■ The data:
--*--

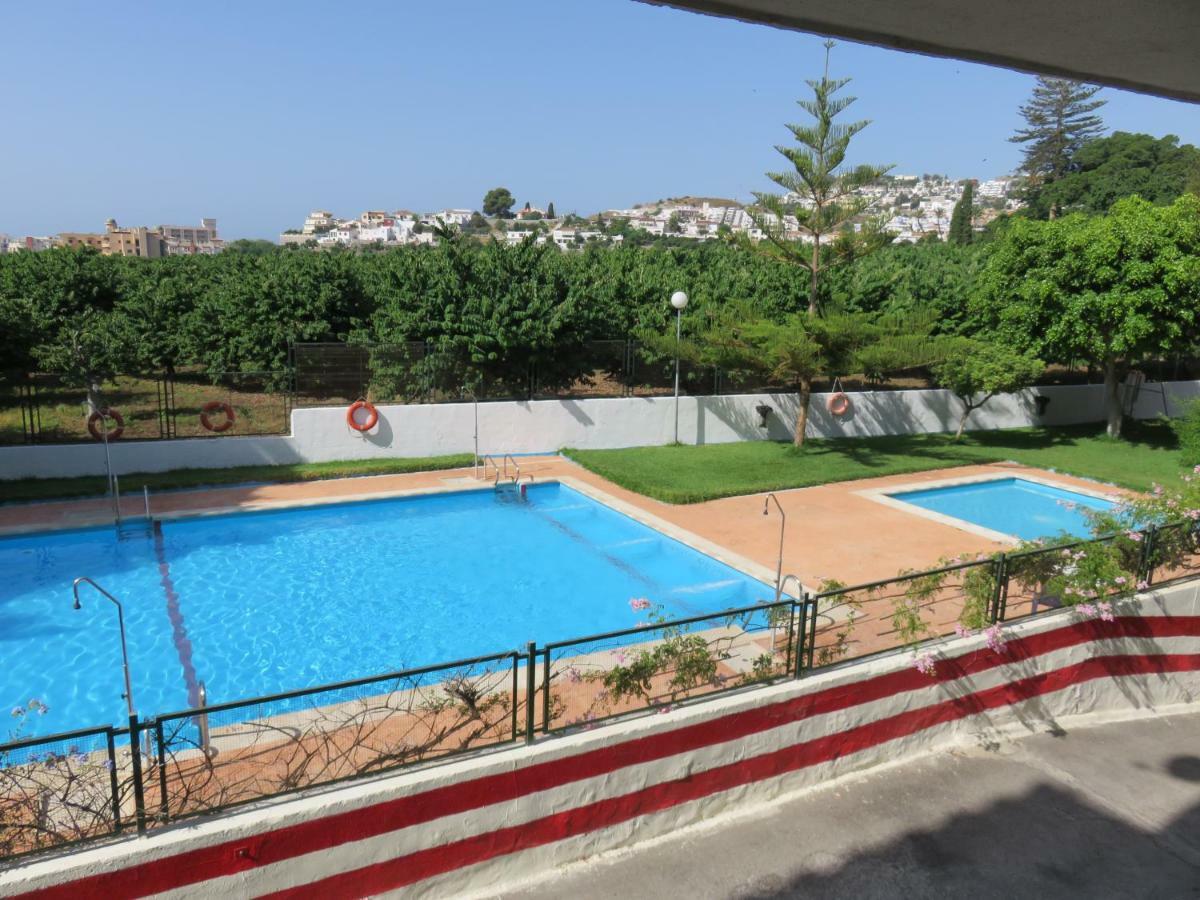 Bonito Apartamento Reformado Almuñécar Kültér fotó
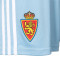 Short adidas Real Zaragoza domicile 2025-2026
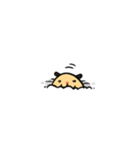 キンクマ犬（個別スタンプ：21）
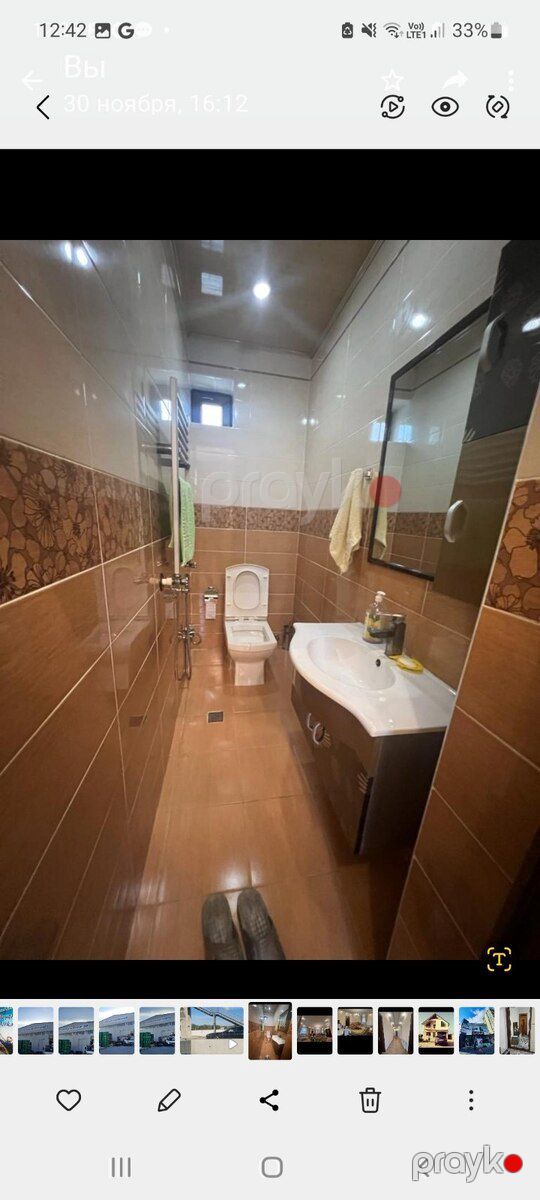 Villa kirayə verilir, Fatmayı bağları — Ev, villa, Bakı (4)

--*--

■ Problem details: Copy out each line of the data exactly as it reads; skip the pictures.

■ Problem solution:
 Bonito Apartamento Reformado Almuñécar Kültér fotó
 Short adidas Real Zaragoza domicile 2025-2026
 キンクマ犬（個別スタンプ：21）
 Villa kirayə verilir, Fatmayı bağları — Ev, villa, Bakı (4)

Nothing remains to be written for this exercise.